> Prompt
Transcribe the whole listing exactly; the images stay out.

Input data START

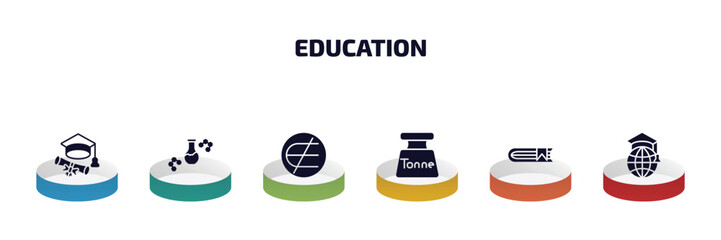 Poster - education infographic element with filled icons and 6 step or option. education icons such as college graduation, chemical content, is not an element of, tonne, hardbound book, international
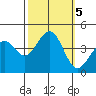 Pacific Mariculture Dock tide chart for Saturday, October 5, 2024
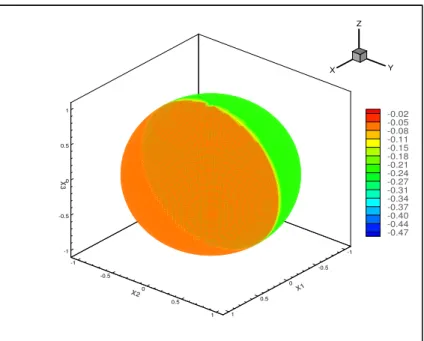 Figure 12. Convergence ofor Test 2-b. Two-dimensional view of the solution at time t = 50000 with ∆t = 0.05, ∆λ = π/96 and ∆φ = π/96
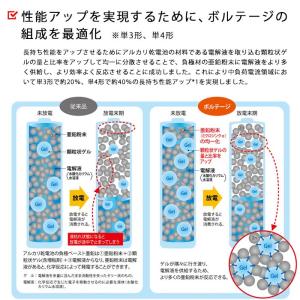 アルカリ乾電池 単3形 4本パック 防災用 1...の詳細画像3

Input data END

> Answer box
 Poster - education infographic element with filled icons and 6 step or option. education icons such as college graduation, chemical content, is not an element of, tonne, hardbound book, international
 Pacific Mariculture Dock tide chart for Saturday, October 5, 2024
 Figure 12. Convergence ofor Test 2-b. Two-dimensional view of the solution at time t = 50000 with ∆t = 0.05, ∆λ = π/96 and ∆φ = π/96
 アルカリ乾電池 単3形 4本パック 防災用 1...の詳細画像3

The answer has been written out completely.